22 July 2010

Ballet du Grand Théâtre de Genève

(Palais Royal, 16 August 2010)

It has taken Alfred Hitchcock twelve hours to set up the scene in the flower shop in "Vertigo." The scene is less than a minute of the film. This is all one must know about the creation of art in order to appreciate it. "Jours étranges" insists on telling substantially more. It puts the creation of art into the perspective of life. The result is neither art nor life, but fundamental science---as opposed to engineering. The result is a model, not a final product. The model's value is in teaching the audience to recognise art and to avoid artless life.

"So schnell" subtracts from the conventional art form element after element: music, grace, narrative. The exercise helps the viewer define his own boundaries of art and of beauty. Beauty is economy, purpose, and communication. When intentional, beauty is art. A dance without music (as a poem without rhyme) can be art---liberated, uncompromisingly precise, and direct.

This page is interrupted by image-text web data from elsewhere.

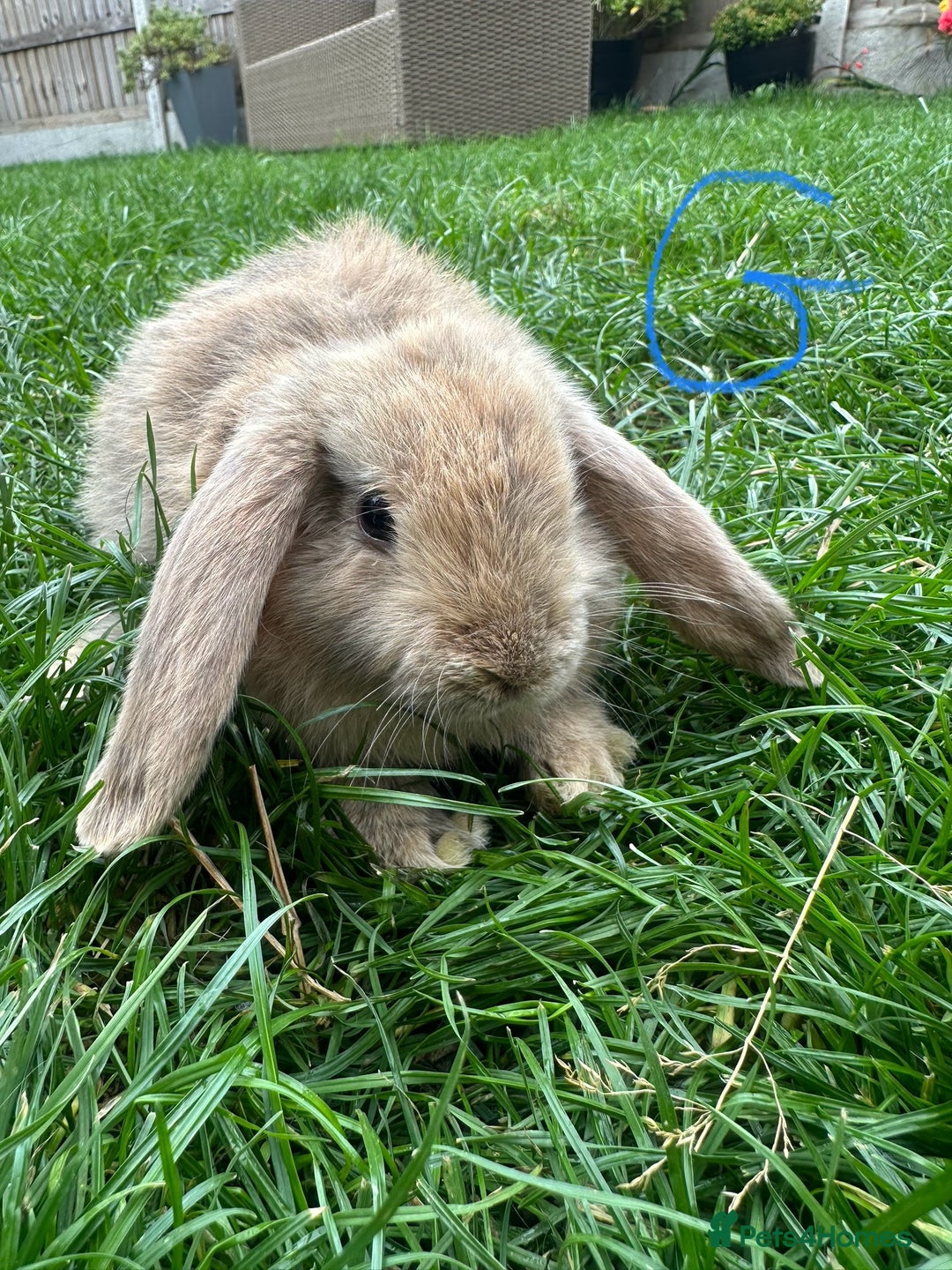 Mini Lop rabbits for sale: Mini Lop Male and Female Rabbits For Sale  - Image 25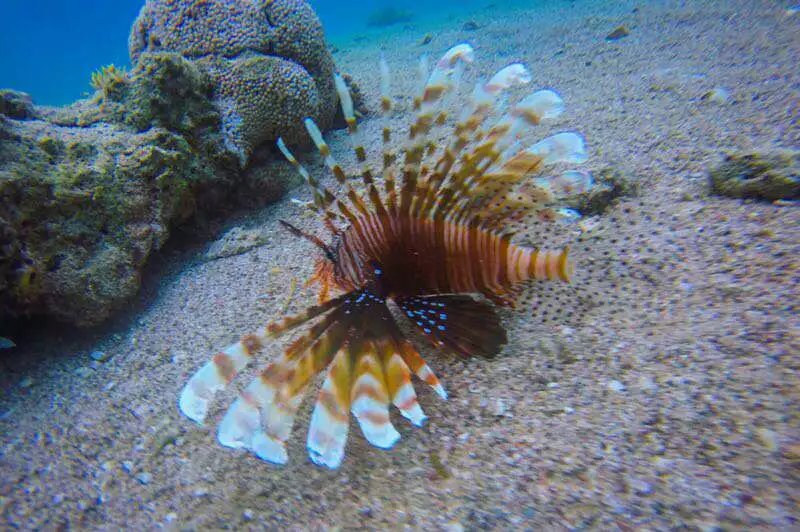 2017-7-4 21:00 引用 听雨 的文字:             佩特拉-埃拉特-死海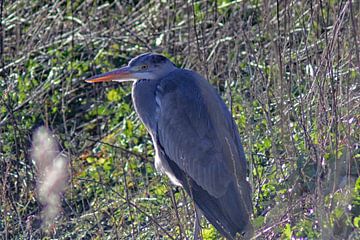 Blauwe reiger van Michel Zwart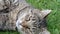 Tabby domestic cat sleeps on the grass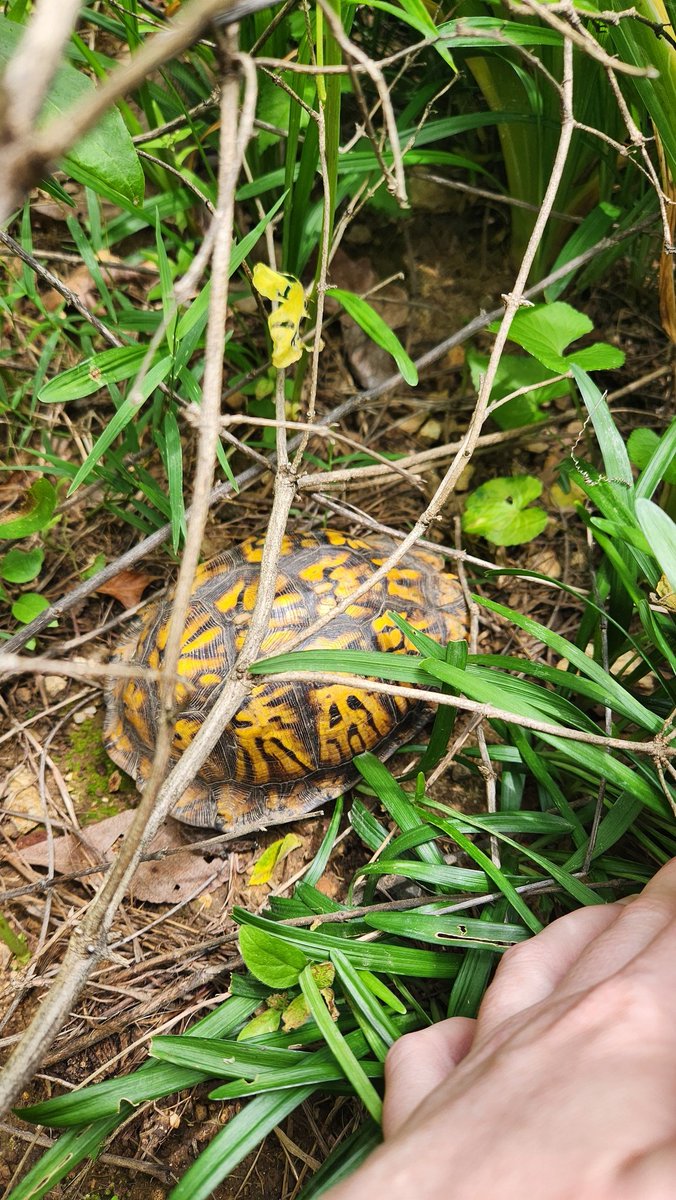 overgrwngarden's tweet image. Found a friend in my yard... #boxturtle #iliketurtles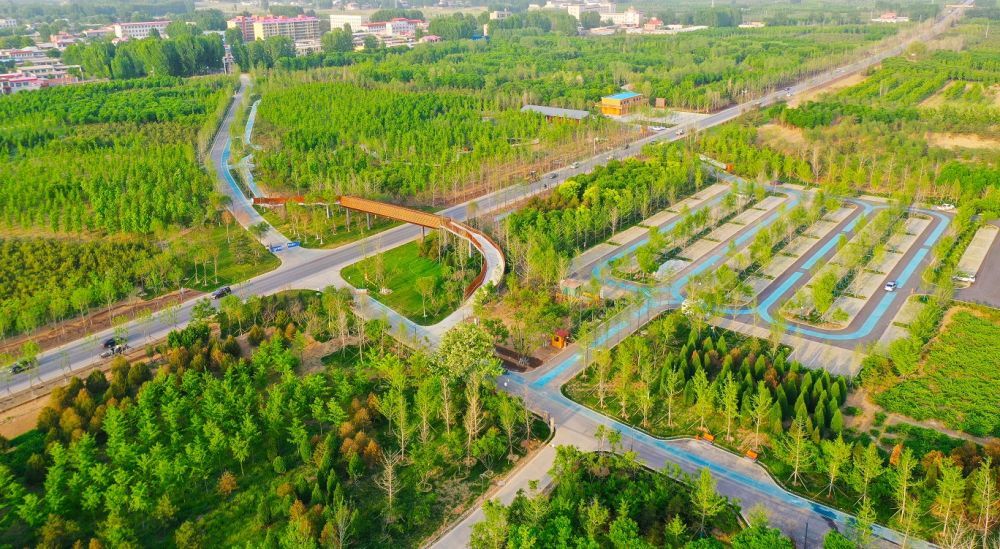 建强战斗堡垒 夯实执政之基——党的十九大以来党的基层组织建设工作综述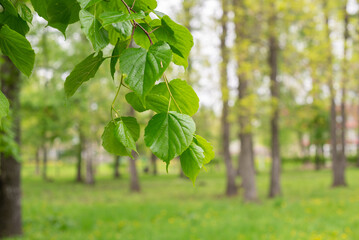 green young leaves on the background of a forest, park. background with leaves.
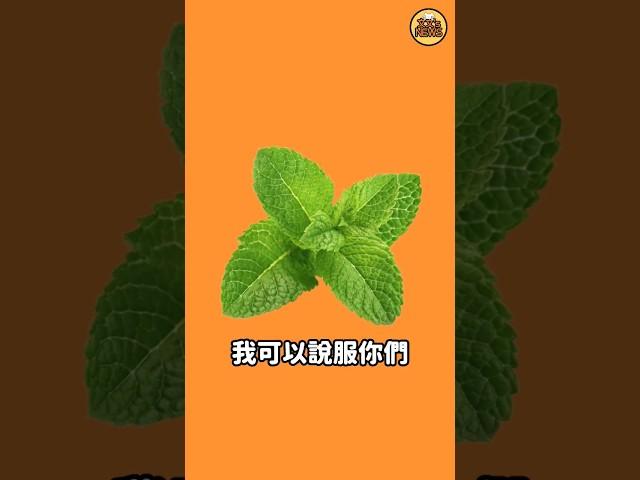 要吃薄荷巧克力的理由(討厭薄巧的人請看) #薄荷 #iu #宋江 #崔宇植 #柾國 #jhope #薄巧派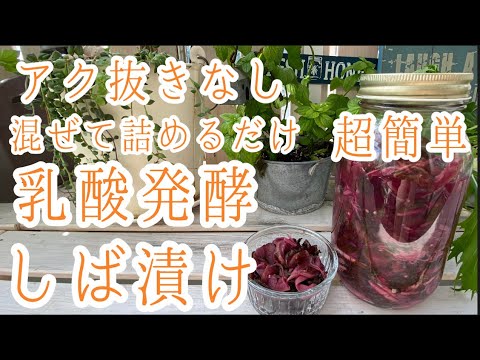 【乳酸発酵】を利用して、ほったらかし。暑くなるこの時期だからこそ、サッパリしたシバ漬けがあるだけで、乳酸菌＆食物繊維＆アントシアニンを効率良く摂取！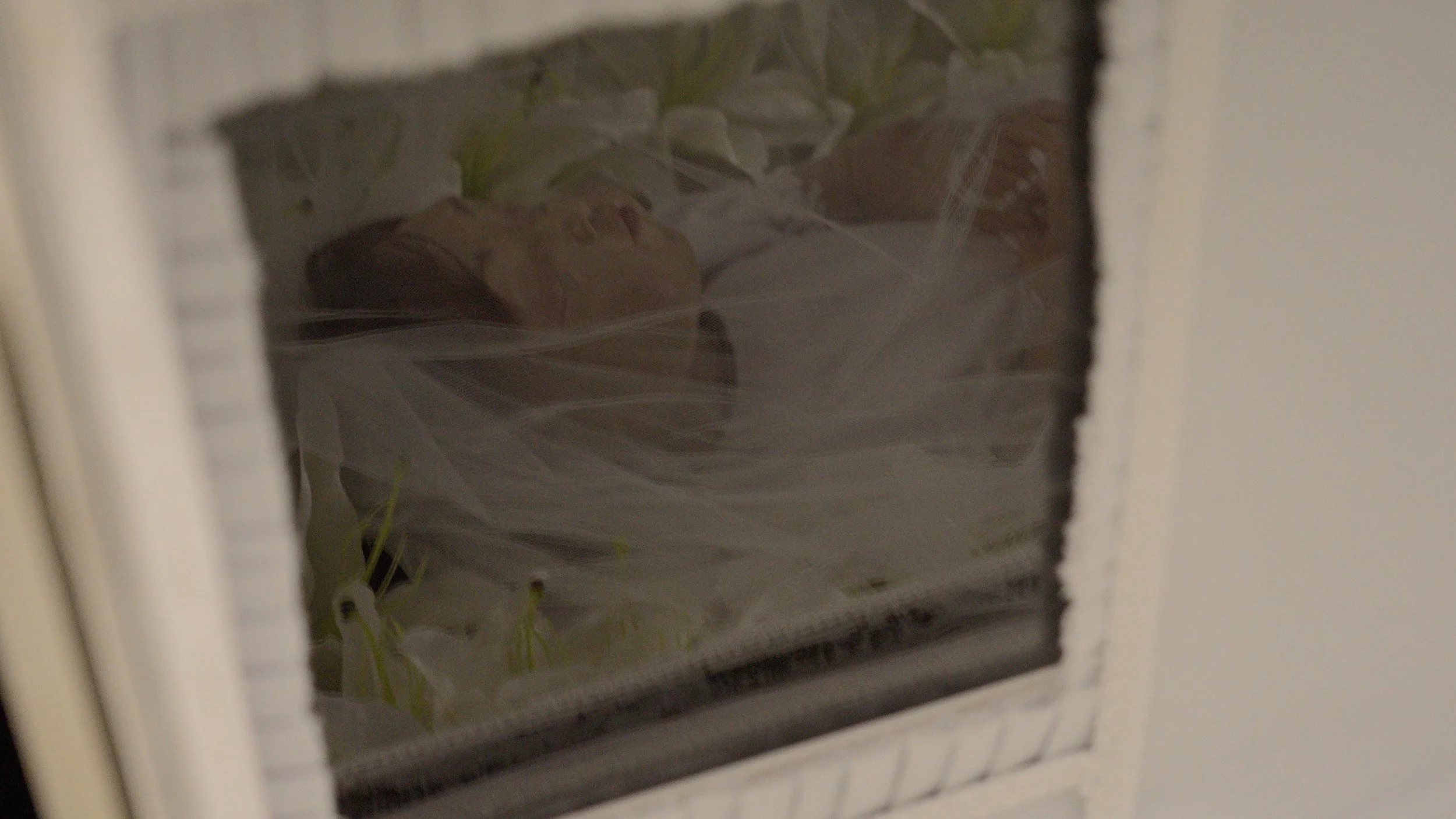 28Close Up-DeadChild copy.jpg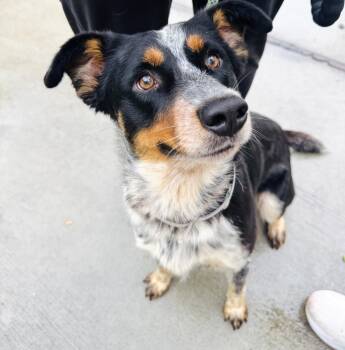Australian Cattle Dog Blue Heeler Dogs Available for Adoption in Houston, Texas - Mac | PetCurious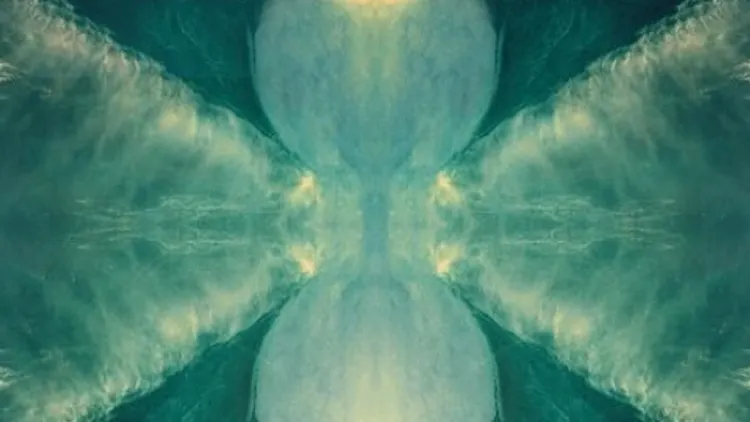 Bonobo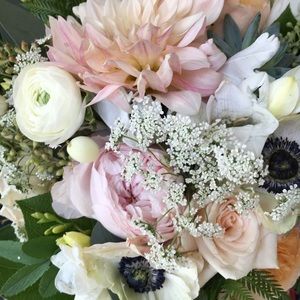 Meet your Posher, Dawn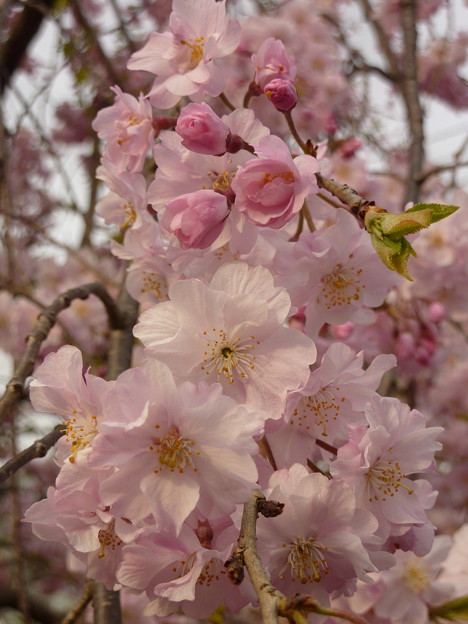 写真: 2010年のしだれ桜?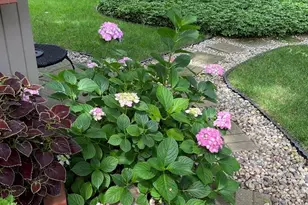 1508 Pinecrest Ave SE, Grand Rapids, MI 49506 - Photo 47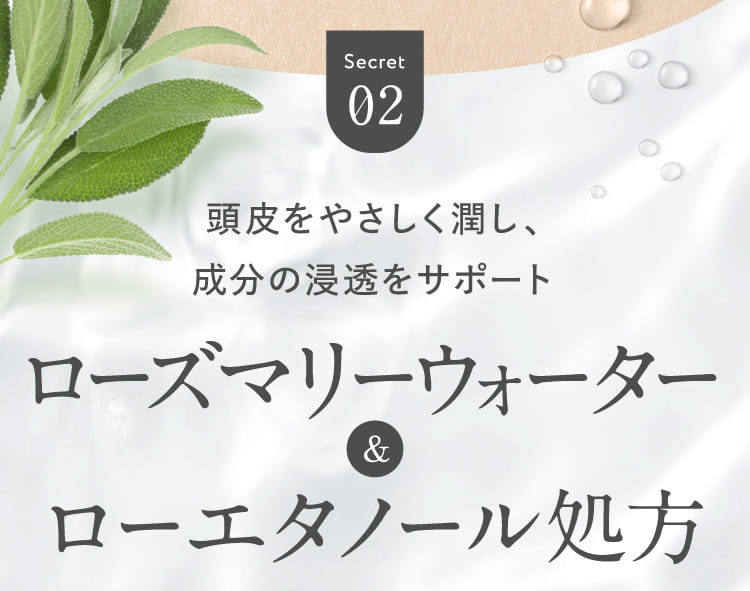 Secret02 頭皮をやさしく潤し、成分の浸透をサポート ローズマリーウォーター&ローエタノール処方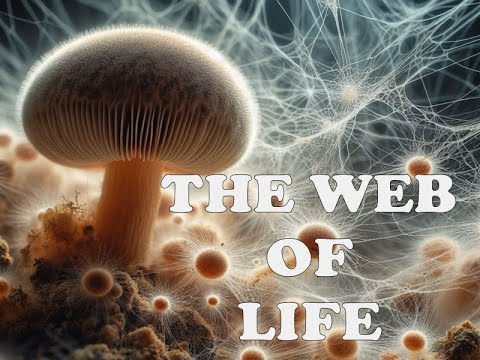 The Mycelium Network- The Web of Life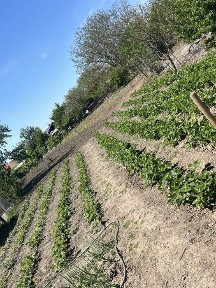 Casă de vânzare Com. Comana Giurgiu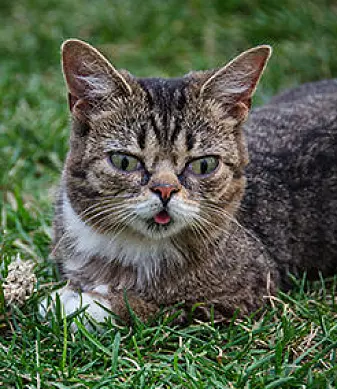Katten Lil Bub har over 3 millioner følgere på Facebook. Her fotografert på Internet Cat Video Festival i 2012.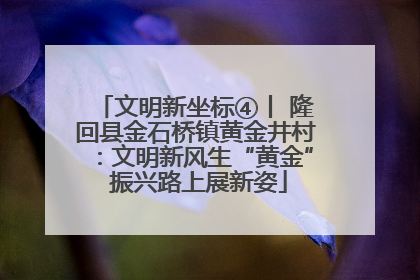 文明新坐标④丨 隆回县金石桥镇黄金井村：文明新风生“黄金” 振兴路上展新姿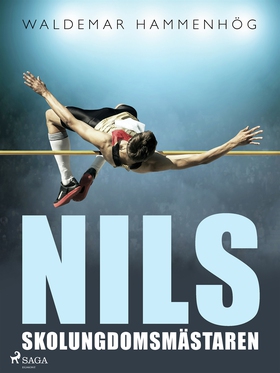 Nils, skolungdomsmästaren (e-bok) av Waldemar H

Often, however, a choreographer benefits from the discipline imposed by music. Music reminds dancers to coördinate with each other because they must coördinate with music. Harmony in music (as rhyme in poetry) enables the viewer to anticipate imminent moves, thus turning the viewer into a collaborator. Anticipation amplifies movement by making it seem inevitable. The inevitability distinguishes dance from sport.